Saturday 5 October 2013

Whom you know, not what you know

Students in Cyprus

Teachers in Cyprus state schools get a pretty cushy deal, really. 


Students in the UK
They teach 26.5 contact hours a week.  Their working day ends at 1.35 p.m., after which they’re free to go home, although most moonlight on the side with private tutorials after a big lunch and a siesta.  The academic year runs from early September to late May during which they get two weeks holiday at Christmas, two weeks at Easter, three months in the summer, plus national public holidays - about one every month. 

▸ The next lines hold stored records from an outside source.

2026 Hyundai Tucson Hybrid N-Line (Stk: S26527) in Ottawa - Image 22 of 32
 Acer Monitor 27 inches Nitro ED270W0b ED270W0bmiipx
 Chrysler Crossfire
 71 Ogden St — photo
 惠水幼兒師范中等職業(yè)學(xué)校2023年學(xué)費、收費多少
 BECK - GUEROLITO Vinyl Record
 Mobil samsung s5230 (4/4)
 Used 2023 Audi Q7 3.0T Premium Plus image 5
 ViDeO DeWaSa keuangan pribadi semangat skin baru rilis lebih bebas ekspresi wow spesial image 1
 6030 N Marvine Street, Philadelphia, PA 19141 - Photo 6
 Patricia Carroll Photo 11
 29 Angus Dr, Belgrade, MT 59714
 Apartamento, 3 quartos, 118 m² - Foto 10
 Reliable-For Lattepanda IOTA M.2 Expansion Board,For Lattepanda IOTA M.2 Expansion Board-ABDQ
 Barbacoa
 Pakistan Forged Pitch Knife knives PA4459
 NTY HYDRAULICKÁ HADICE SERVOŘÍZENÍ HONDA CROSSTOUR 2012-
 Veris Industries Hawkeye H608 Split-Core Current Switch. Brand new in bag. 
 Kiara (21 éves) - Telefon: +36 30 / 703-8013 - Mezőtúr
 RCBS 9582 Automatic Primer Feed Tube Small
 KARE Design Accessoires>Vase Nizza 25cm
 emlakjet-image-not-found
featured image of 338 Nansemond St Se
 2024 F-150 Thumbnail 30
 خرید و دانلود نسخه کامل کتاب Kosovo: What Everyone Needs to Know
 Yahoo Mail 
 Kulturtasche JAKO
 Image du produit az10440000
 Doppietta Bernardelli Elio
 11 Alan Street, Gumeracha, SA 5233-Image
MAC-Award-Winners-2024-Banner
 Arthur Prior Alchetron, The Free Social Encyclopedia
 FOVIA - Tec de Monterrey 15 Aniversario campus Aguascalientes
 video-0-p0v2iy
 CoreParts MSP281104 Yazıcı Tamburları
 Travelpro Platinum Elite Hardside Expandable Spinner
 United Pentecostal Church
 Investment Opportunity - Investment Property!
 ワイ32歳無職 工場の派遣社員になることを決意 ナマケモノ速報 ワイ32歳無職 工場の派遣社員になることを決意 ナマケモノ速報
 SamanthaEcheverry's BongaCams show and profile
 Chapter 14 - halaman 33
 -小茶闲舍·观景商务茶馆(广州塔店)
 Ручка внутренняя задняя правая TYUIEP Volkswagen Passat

Meanwhile, while employed, there’s sick pay, maternity pay, a marriage grant, and work-related injuries benefits.  The mandatory retirement age for Cypriot state teachers is 60 for both sexes, but early retirement is common, permitted at 45 (pensions suspended until 55).  If service spans 33.3 years [why this strange fraction?] or longer, pensions amount to 50% of the final salary, plus a lump sum gratuity, from 4.7 to 5.2 times the annual pension.  Pensioned teachers may work privately and earn incomes without prejudice to their pensions. 

Not bad, eh?

Source:  Alejandro Sergio Simone of the IMF, ‘The Cypriot Pension System:  Issues & Reforms Options’ in the Cyprus Economic Policy Review, Vol. 5, No. 2, pp. 3-34 (2011). 

Every year thousands of Cypriot university graduates file applications with the Cyprus Ministry of Education and Culture.  Only an undergraduate degree is required, no teaching qualifications or experience necessary. 
 
The catch is there is a waiting list of about 25 years. 

Unless you have μέσα ('mesa', contacts).  

A cousin of mine who graduated in “English” Literature from an Athenian university in the late 1970s eventually got her state teaching position in Cyprus in the mid-2000s.  She was in her mid-40s. By that time she couldn’t remember a single book she’d read at university and could barely speak English.  She now teaches English Language at a state secondary school in Cyprus.   

The Cyprus Mail’s editorial column today highlights the endemic corruption within the Cypriot state education system.  Forget meritocracy – a First Class Honours degree from The Russell Group and years of experience won’t get you a job.   Nepotism abounds.  

Grant, Lord, to all students to love and know that which is worth knowing, to praise that which pleases you most, to value that which is most precious to you, and to dislike whatever is evil in your eyes.